MATERIAL TO PROCESS:
※ ※ ※

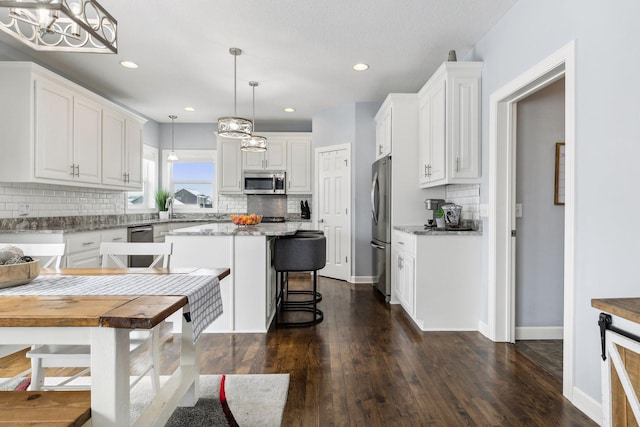 kitchen with white cabinets, a center island, stainless steel appliances, and decorative light fixtures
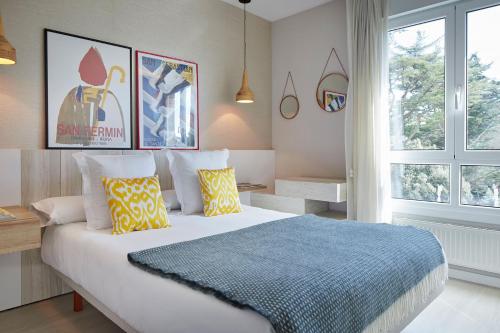 扎魯亞斯的住宿－ATeRIAN GAZTELU，一间卧室配有一张大床,提供黄色和蓝色的枕头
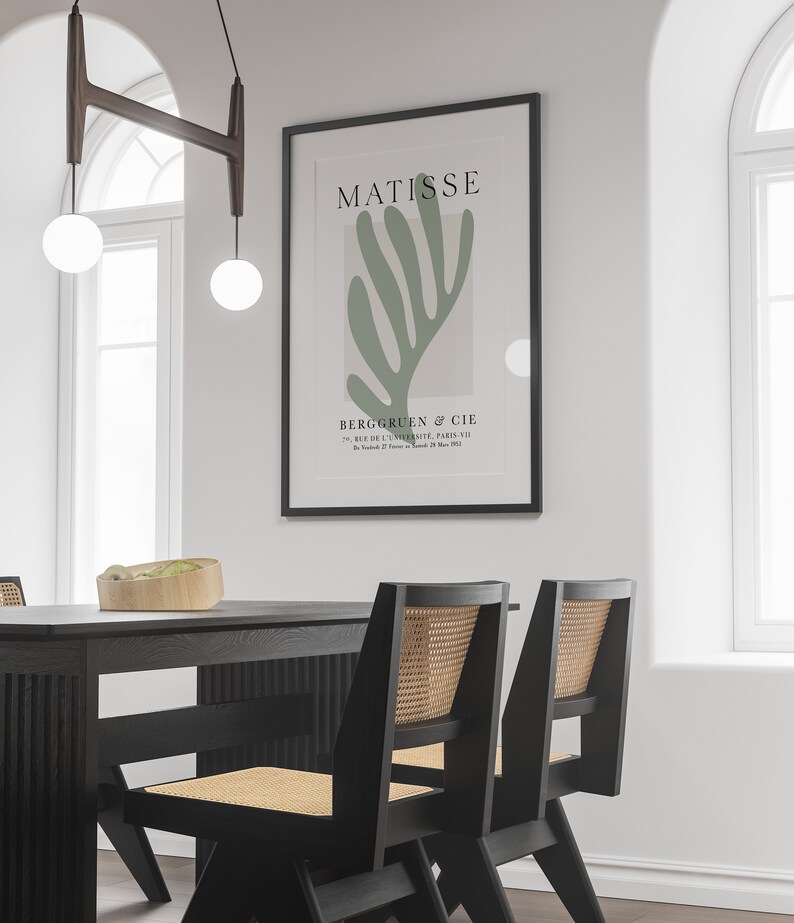 Op de afbeelding: Een zwart ingelijste print van een groen abstract kunstwerk van Matisse. De print hangt aan een witte muur boven een zwarte eettafel met twee zwarte stoelen met gevlochten rieten zittingen.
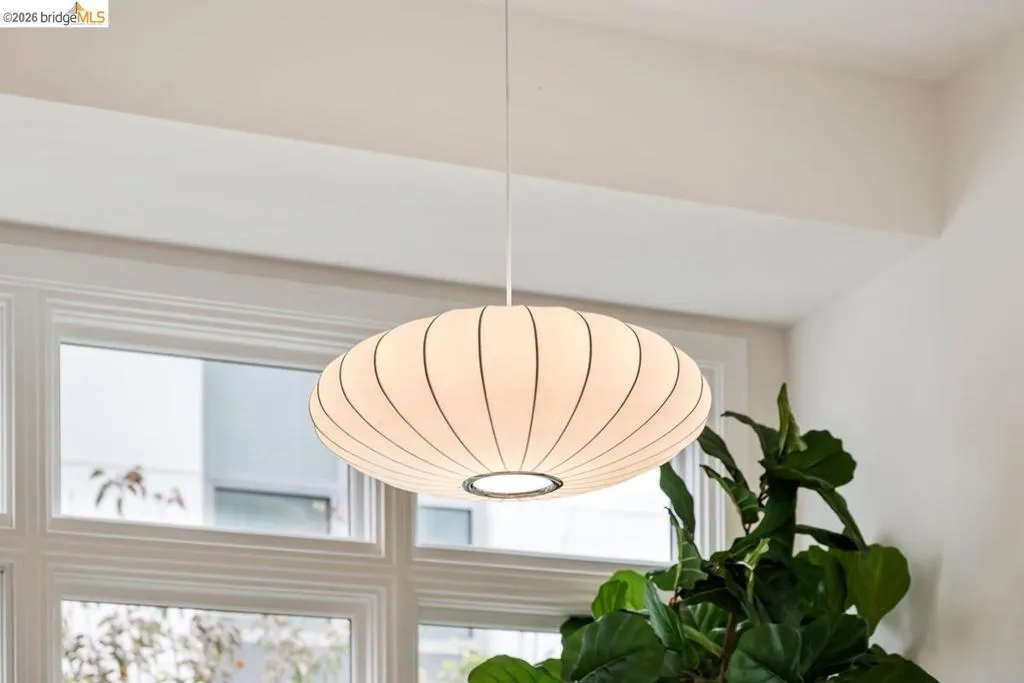 Modern ceiling-mounted pendant light with a white fabric shade and metal accents Modern ceiling-mounted pendant light with a white fabric shade and metal accents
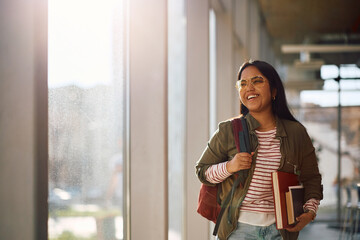 Happy female Indian student at university looking away.
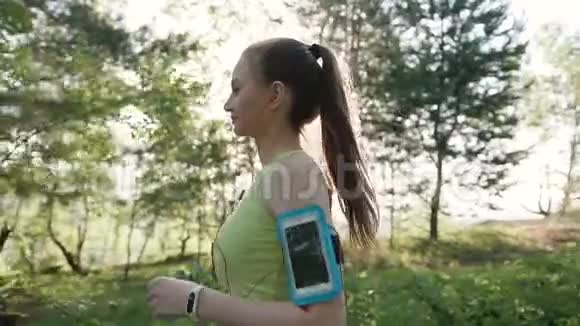 高加索裔年轻女性在森林里的户外用智能手机在耳机上跑步和听音乐视频的预览图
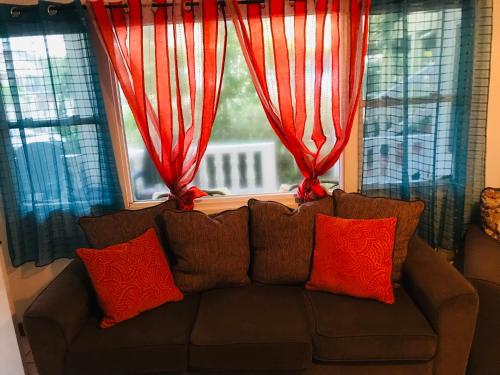a couch with red pillows in front of a window at HCEAS villa is 5 min fr. airport & to the beaches in Bon Accord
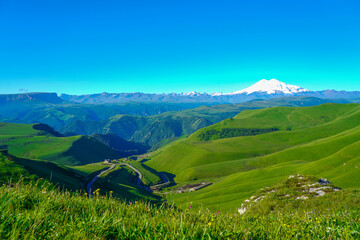 Fototapeta na wymiar Elbrus and Green Meadow Hills at a Summer Day. North Caucasus, Russia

※ ※ ※

TO DO:
Since the pictures are not wanted, give the material again exactly without them.

REPLY TO THE EXERCISE:
 kitchen with white cabinets, a center island, stainless steel appliances, and decorative light fixtures
 扎魯亞斯的住宿－ATeRIAN GAZTELU，一间卧室配有一张大床,提供黄色和蓝色的枕头
 Op de afbeelding: Een zwart ingelijste print van een groen abstract kunstwerk van Matisse. De print hangt aan een witte muur boven een zwarte eettafel met twee zwarte stoelen met gevlochten rieten zittingen.
 Modern ceiling-mounted pendant light with a white fabric shade and metal accents Modern ceiling-mounted pendant light with a white fabric shade and metal accents
 Happy female Indian student at university looking away.
 高加索裔年轻女性在森林里的户外用智能手机在耳机上跑步和听音乐视频的预览图
a couch with red pillows in front of a window at HCEAS villa is 5 min fr. airport & to the beaches in Bon Accord
 Fototapeta na wymiar Elbrus and Green Meadow Hills at a Summer Day. North Caucasus, Russia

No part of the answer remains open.